Who is Jesus: The Messiah to be worshiped by all nations
Introduction: The previous chapter (Jn 3) showed that while saving faith in Jesus and his death on the cross were already proclaimed by the Old Testament, even the best of the rabbis such as Nicodemus were unaware. By contrast, the present chapter 4 explains how the new faith taught by Jesus differs from that of the Old Testament (represented symbolically by an ancient well that was built by the Jewish patriarch Jacob). The difference concerns the indwelling of believers by the Holy Spirit which only Jesus made possible.

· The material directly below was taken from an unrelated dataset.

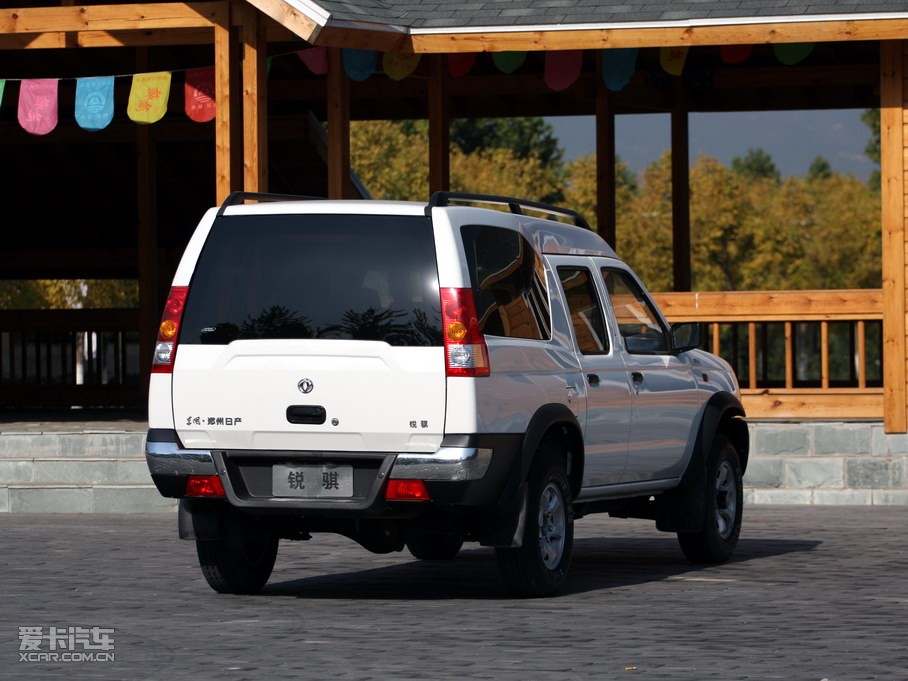 2010���J�U��ʽ܇ 2.5L ���˜ʰ�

1) Why did Jesus have to travel through Samaria, and why was it unusual for Jews to go there?*
- Picture your stereotypical religious man in a similar situation, equipped with tracts and keen to proselytize ‘unbelievers’: How could this conversation have gone wrong (or nowhere at all)?
- By contrast, how was Jesus able to steer their conversation to faith, life and death in a way that this lady was interested?
- How did Jesus model here genuine empathy?
- What did he himself know about suffering rejection? Hint: What had just happened before?
- Why is empathy essential to touch the heart of others?
- Do you think that she was genuinely interested in questions about the worship of God? Why or why not?
- What did stir her interest in the first place?
- How would you expect her multiple marriages to have influenced such an interest? And why did Jesus draw attention to these broken and unlawful relationships: To condemn or to heal?
- As a woman, and as a Samaritan, she did not expect Jesus to talk to her, least of all in the way he did. Why was she surprised that Jesus not only asked her for a drink of water, but offered to procure for her another source?
- What distinguishes the chore of lifting and carrying heavy water buckets for miles from having permanent access to a running ‘fountain tap’ like the ones we are used to?
- In what sense does that illustrate the difference between the new Christian faith and the old covenant of Mosaic law?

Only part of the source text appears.